- Accueil ›
- Préparateurs ›
- Métier ›
- Pharmacie rurale désertification des campagnes
Pharmacie rurale désertification des campagnes
Travailler dans une officine rurale, c’est presque toujours bénéficier d’une meilleure qualité de vie et d’exercice professionnel qu’en ville. Mais la désertification médicale menace.
Peu avant que je prenne ma retraite, il y avait encore trois médecins généralistes à Sainte-Geneviève. Il n’en reste que deux aujourd’hui. L’un est âgé de 58 ans, l’autre de 52 ans. Il faut espérer qu’ils seront remplacés quand ils partiront en retraite. Sinon, la survie de l’officine sera fortement menacée. » De 1968 à 2001, Bernard Coussergues a été titulaire de la pharmacie de Sainte-Geneviève-sur-Argence, la seule de ce canton de l’Aveyron d’à peine plus de 2 000 habitants situé aux confins de la Lozère et du Cantal. Une pharmacie de famille depuis 1897, d’abord tenue par son grand-père puis par son père auquel il succéda en 1933. Aujourd’hui, l’officine est classée en zone déficitaire en médecins généralistes.
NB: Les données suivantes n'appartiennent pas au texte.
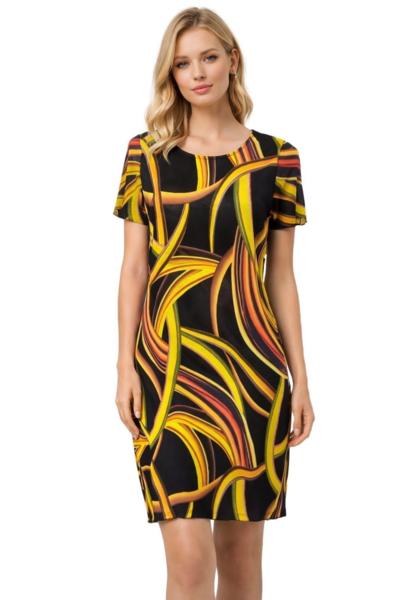 AGHÉ MARE - 204 Abstract Print Dress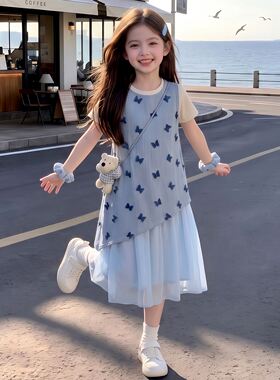 2026新款今年流行爆款女装公主裙女孩绝美连衣裙夏季女童中长裙子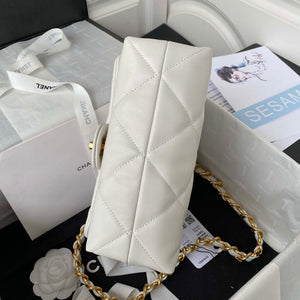 Chanel AS3499 Flap Bag Lambskin White - Default Title - View 6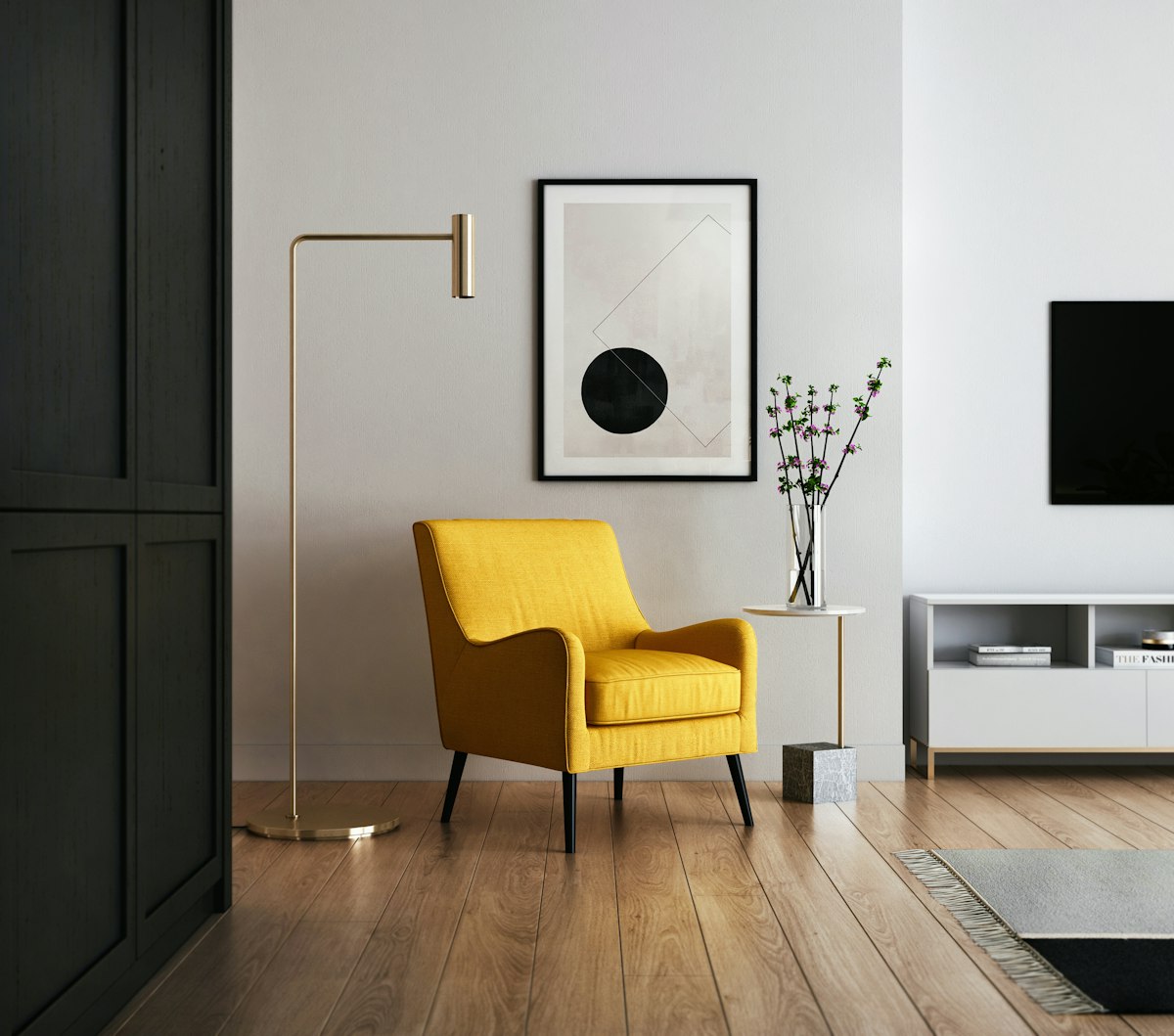 Fresh, airy living room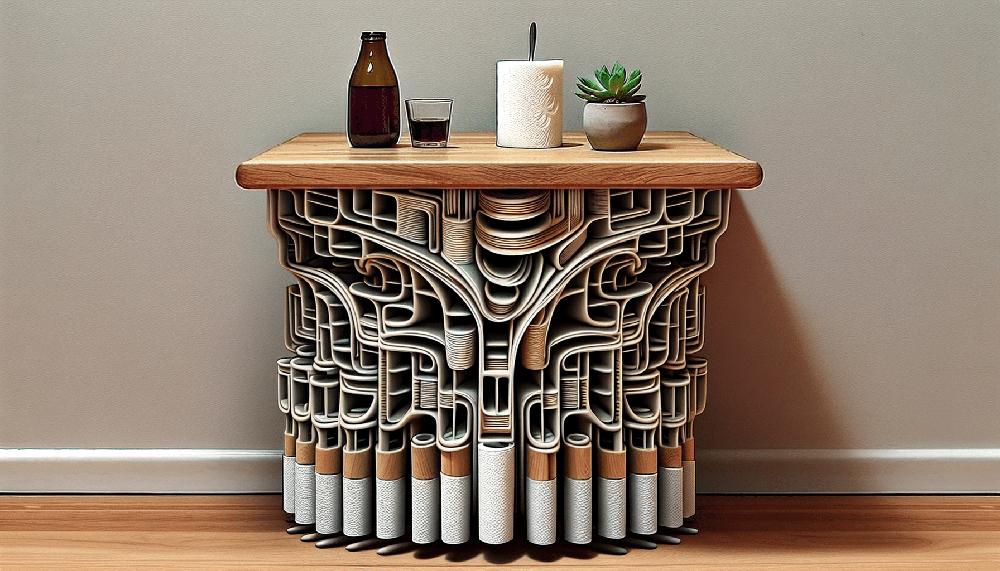 Mimub Transformación Sorprendente: De Portarrollos De Cocina A Mesita Auxiliar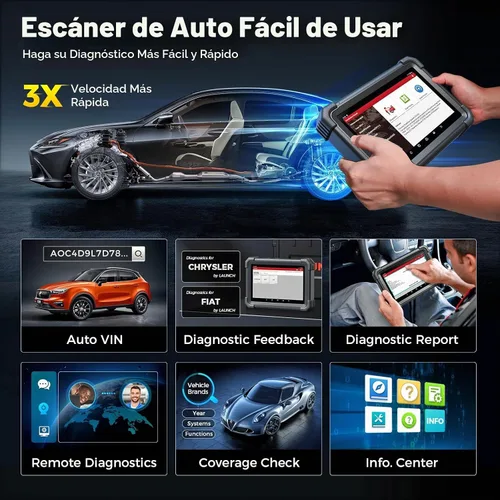 Vista 7 de 2025 LAUNCH X431 Pro Dyno Herramienta de escaneo de diagnóstico todo en uno para todos los automóviles, codificación ECU, control bidireccional, 38+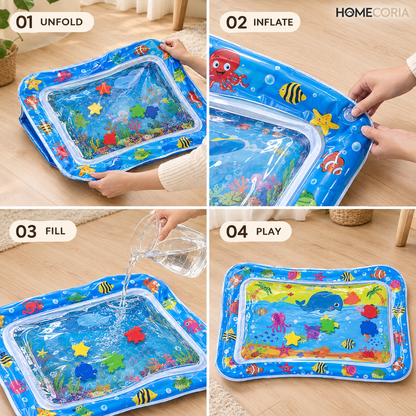 Baby Water Tummy Time Play Mat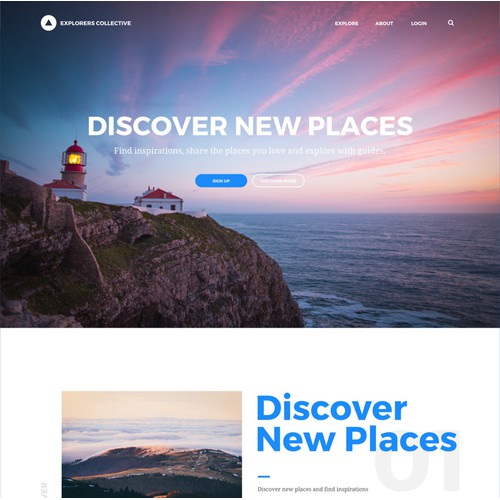 Explorers Collective - UI/UX Design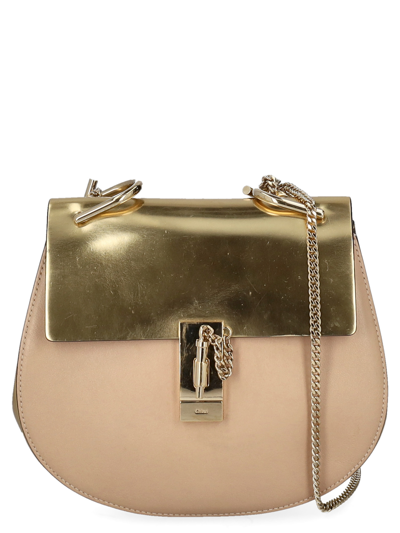 Pre-owned Chloé Shoulder Bags In Gold, Pink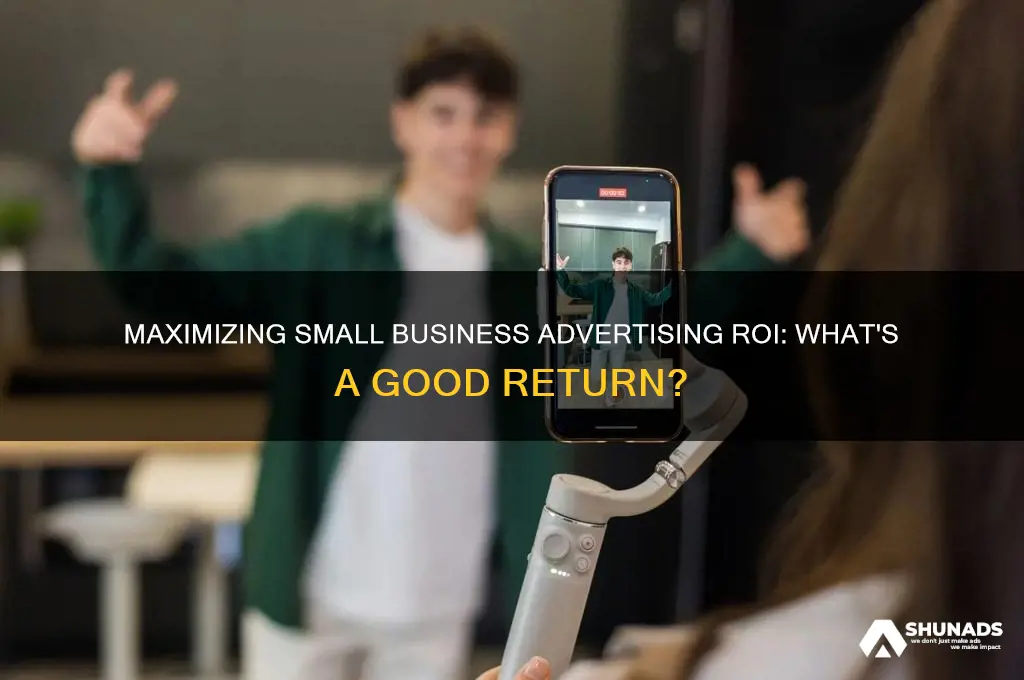 what is good return on investment for small business advertising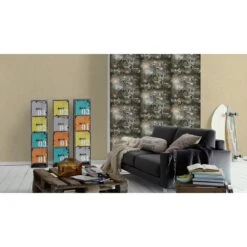 A.S. Creation Boys & Girls 6 | 688811 | Papier Peint Papier Uni | 0.53 M X 10.05 M | Beige -Maison Décorer Magasin 688811 3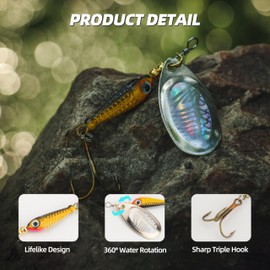 10PCS Inline Spinnerbaits for Bass Trout Pike – Premium Spinner Lures with Treble Hooks & Flash Blades for Freshwater & Saltwater Fishing – Durable, Vibrant, and Deadly Effective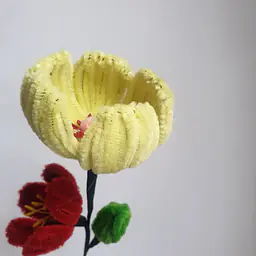 Pipe cleaner flowers, craft flower, beautiful flowers, colorful flowers - Master
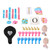 Kids Birthday Party Decorations Set Happy Birthday Banner Balloons Pompoms for Boys Girls Birthday Party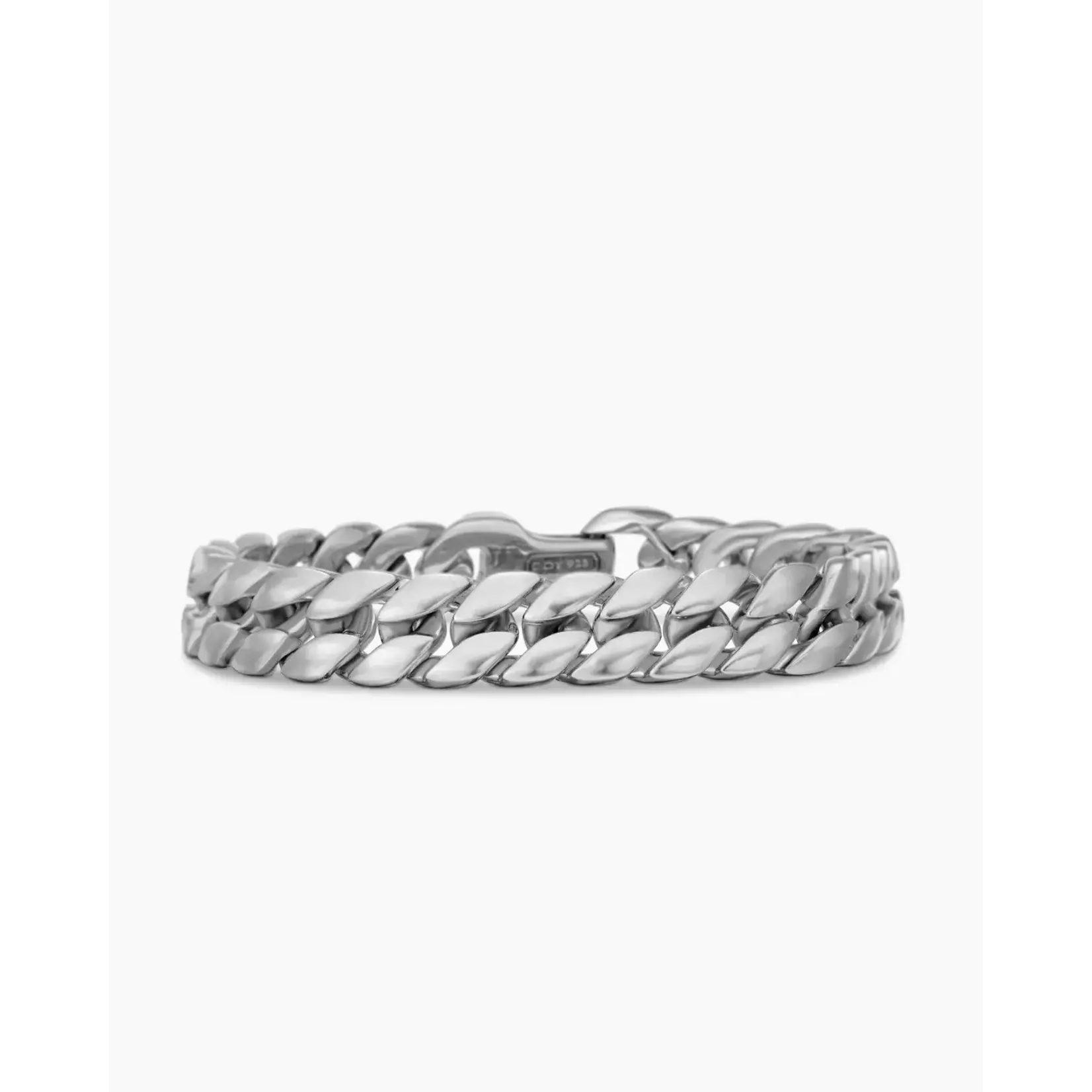 Sterling Silver David Yurman Curb Link Chain Bracelet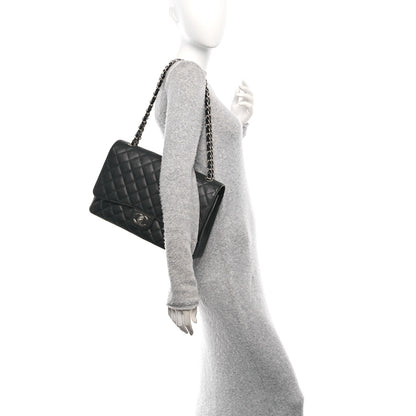 Chanel Caviar Quilted Maxi Double Flap Black 2 of 10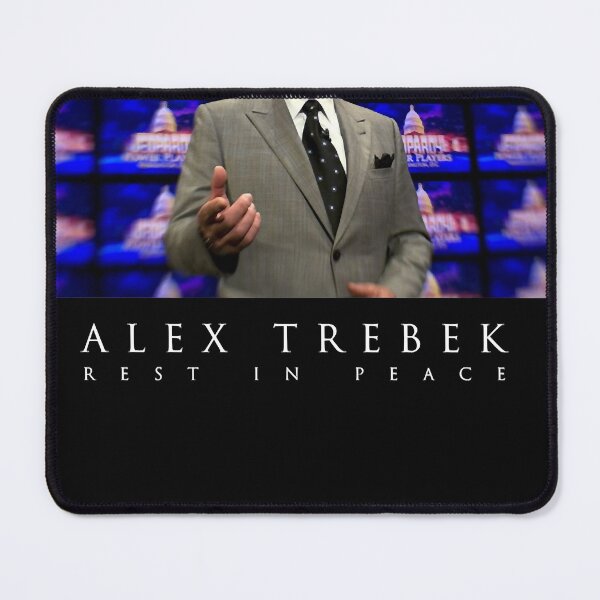 Item preview, RIP Alex Trebek, Alex Trebek rip, Alex Trebek rest in peace, Alex Trebek, Jeopardy, Alex Trebek Jeop designed and sold by Saraurnham.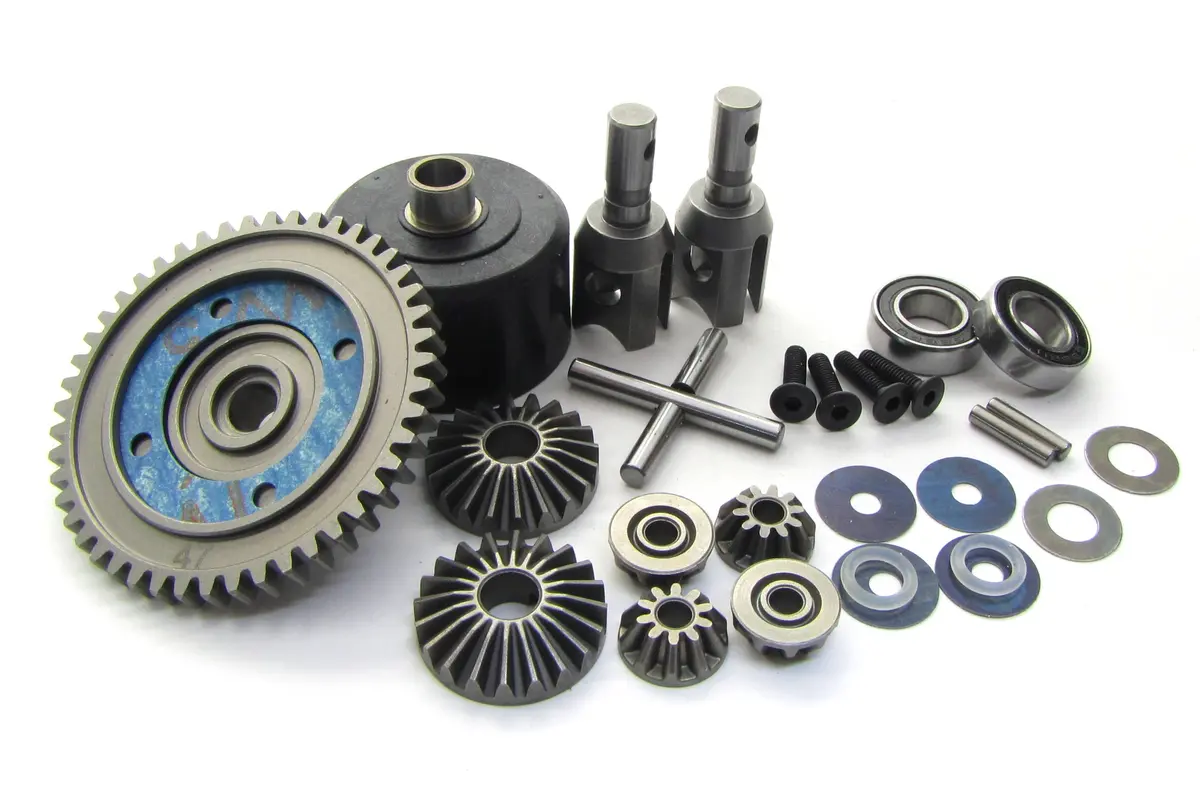 Mbx8 Center Differential 47T Set (E2251) Htd Gearbox Diff Genuine Mugen E2021 1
Cela n’a pas empêché Catherine Bors, la nouvelle titulaire, de la racheter en 2001 après une dizaine d’années d’assistanat en ville – notamment en officine de centre commercial – et à la campagne. Amie d’enfance de la fille de son prédécesseur, Catherine Bors a découvert sa vocation dans cette officine : « Je rêvais de racheter cette pharmacie depuis pas mal d’années. Ici, presque tout le monde me tutoie et m’appelle par mon prénom. Pour moi, c’est un retour aux sources et un choix de qualité de vie. Travailler en milieu rural, c’est la possibilité d’exercer à fond notre métier de pharmacien, de faire du social en prenant le temps d’écouter les gens sans forcément leur vendre quelque chose. »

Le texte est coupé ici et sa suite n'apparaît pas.